The British classic car industry has seen its fair share of memorable cars, from the Mini, to the Jaguar E-Type. Other vehicles start off in a promising fashion, only to end up becoming rare. This is the case with the Princess, produced by the Austin-Morris division of British Leyland. It’s an example of a car that started with strong sales, but was outpaced by competitors. Today, the Princess is an attractive classic car, so we’re taking a look into the history of the model.
British Leyland decided they wanted to produce a family car, so the Austin-Morris division developed a vehicle that was named the Austin Wolseley 18-22. It launched in March 1975 and it wasn’t long before the car was renamed ‘Princess.’ Other cars had used the name, such as the 1947 Austin Princess limousine and the Vanden Plas Princess.
The exterior had a distinctive wedge shape common among a few 1970s cars. The Princess shared similarities with the Triumph TR7 in terms of shape. It had a high bonnet to allow for a tall, 1798 cc B-series pushrod straight-4 engine. The Princess reached a top speed of 104 mph. The Hydragas suspension system provided a smooth ride and excellent handling. The performance and spacious interior were the main selling points.

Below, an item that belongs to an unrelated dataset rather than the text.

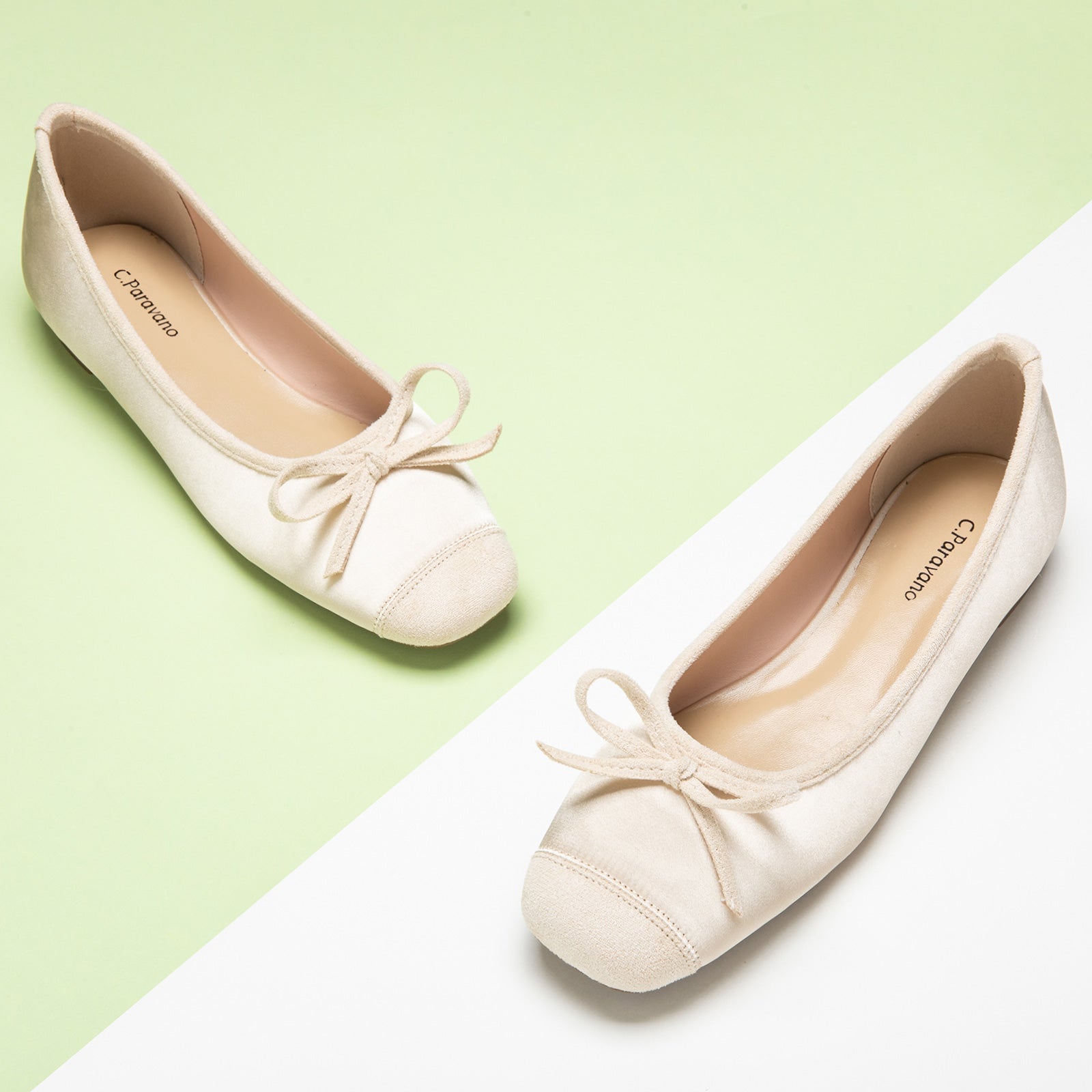 Timeless Ivory Charm: Ivory Silky Bowknot Ballet Flats, a classic and versatile choice for understated and elegant styling.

Initially, the Princess was well received, but poor quality control affected building. The wedge-shape proved to be divisive, so British Leyland tried to salvage the car by producing a new version. The Princess 2 came out in 1978 with a new O-Series engine. Two versions were available, with the 1700 cc model presented as a company car, while the 2000 cc appealed to private motorists.
Although the Princess enjoyed early success, it could never quite shake off its shortcomings. A major reason for this might have been down to it not being a hatchback. The original plan had been for the Princess to have five doors, but management decided to go with the Austin Maxi as the only hatchback in the range. They believed potential buyers of the Princess wouldn’t want it to be a hatchback. Instead, the Princess came with fixed rear glass and a separate boot. Some believe this stopped the Princess from reaching its full potential.
Even with its shortcomings, the Princess founds its place in popular culture. One appeared in the BBC sitcom Terry and June and another showed up in Fawlty Towers. A Princess was tested in Top Gear, with it being declared the best car British Leyland produced.